[[ Provided information, beginning ]]

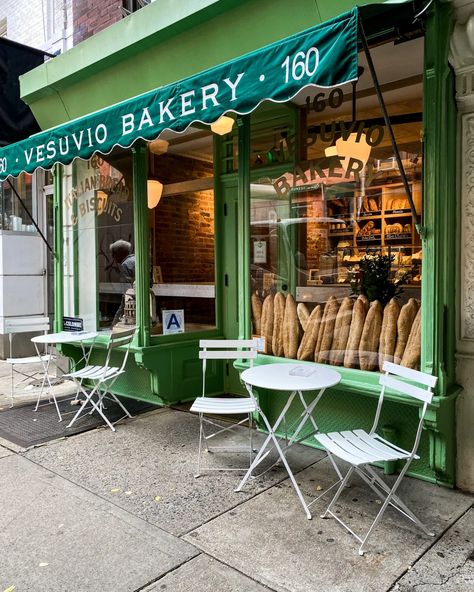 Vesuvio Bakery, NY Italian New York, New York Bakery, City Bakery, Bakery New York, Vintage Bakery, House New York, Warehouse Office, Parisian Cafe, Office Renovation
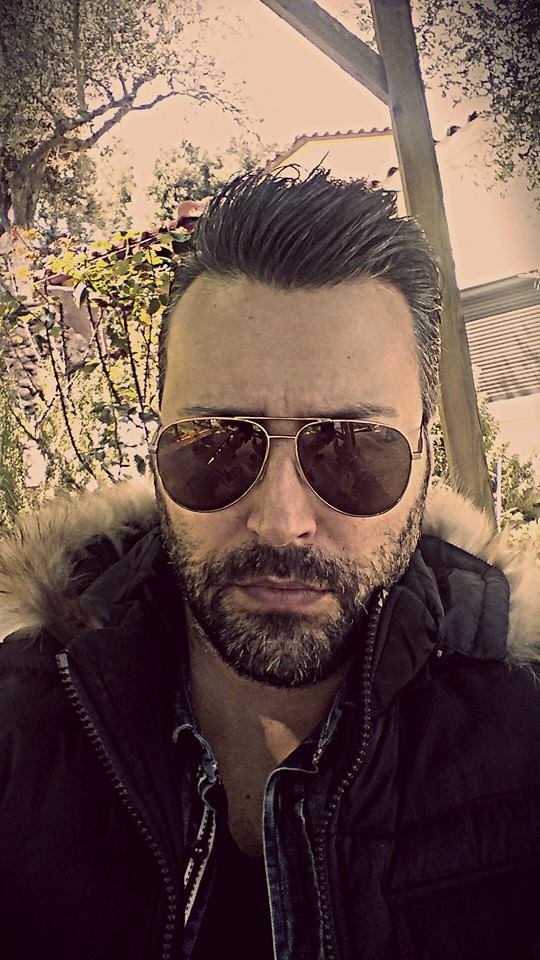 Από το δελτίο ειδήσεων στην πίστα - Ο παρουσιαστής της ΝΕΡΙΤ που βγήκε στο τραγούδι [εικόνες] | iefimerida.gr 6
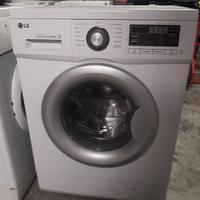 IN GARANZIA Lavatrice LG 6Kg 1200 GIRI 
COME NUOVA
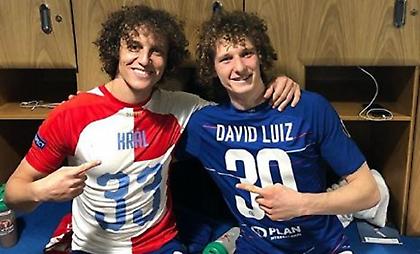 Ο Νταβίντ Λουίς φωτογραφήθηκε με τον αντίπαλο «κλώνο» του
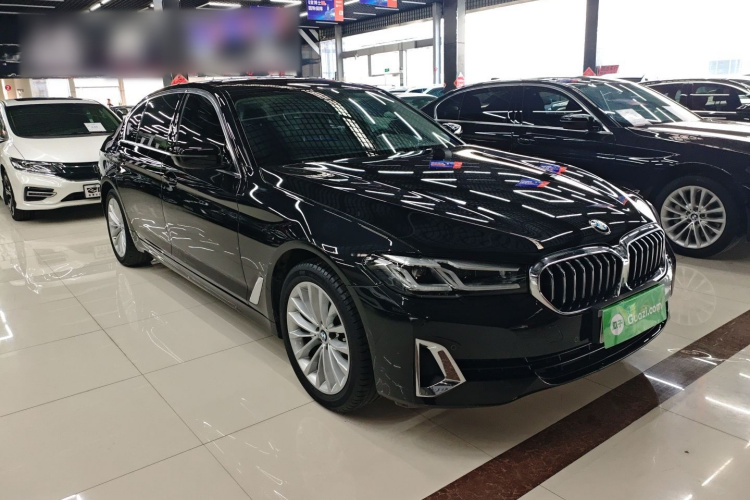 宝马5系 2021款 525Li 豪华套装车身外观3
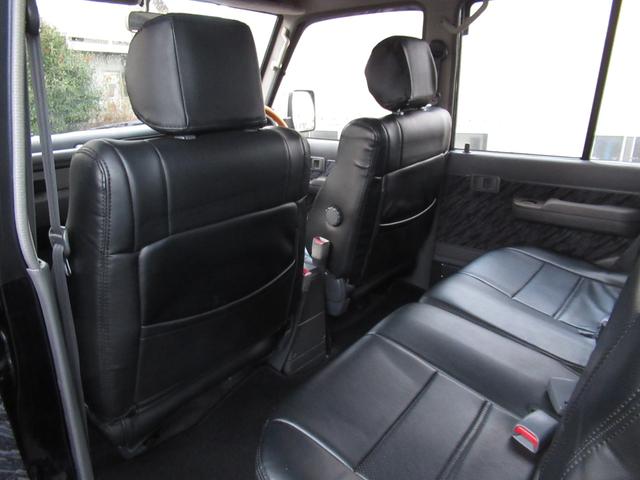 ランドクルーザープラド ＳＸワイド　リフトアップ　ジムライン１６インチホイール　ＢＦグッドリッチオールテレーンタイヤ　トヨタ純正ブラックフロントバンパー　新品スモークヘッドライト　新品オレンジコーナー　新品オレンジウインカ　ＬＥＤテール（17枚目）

[[ Provided information, end ]]

=== Brief ===
Give back the records word for word, without their pictures.

=== Your response ===
 Vesuvio Bakery, NY Italian New York, New York Bakery, City Bakery, Bakery New York, Vintage Bakery, House New York, Warehouse Office, Parisian Cafe, Office Renovation
 Από το δελτίο ειδήσεων στην πίστα - Ο παρουσιαστής της ΝΕΡΙΤ που βγήκε στο τραγούδι [εικόνες] | iefimerida.gr 6
 IN GARANZIA Lavatrice LG 6Kg 1200 GIRI 
COME NUOVA
 Ο Νταβίντ Λουίς φωτογραφήθηκε με τον αντίπαλο «κλώνο» του
 宝马5系 2021款 525Li 豪华套装车身外观3
 ランドクルーザープラド ＳＸワイド　リフトアップ　ジムライン１６インチホイール　ＢＦグッドリッチオールテレーンタイヤ　トヨタ純正ブラックフロントバンパー　新品スモークヘッドライト　新品オレンジコーナー　新品オレンジウインカ　ＬＥＤテール（17枚目）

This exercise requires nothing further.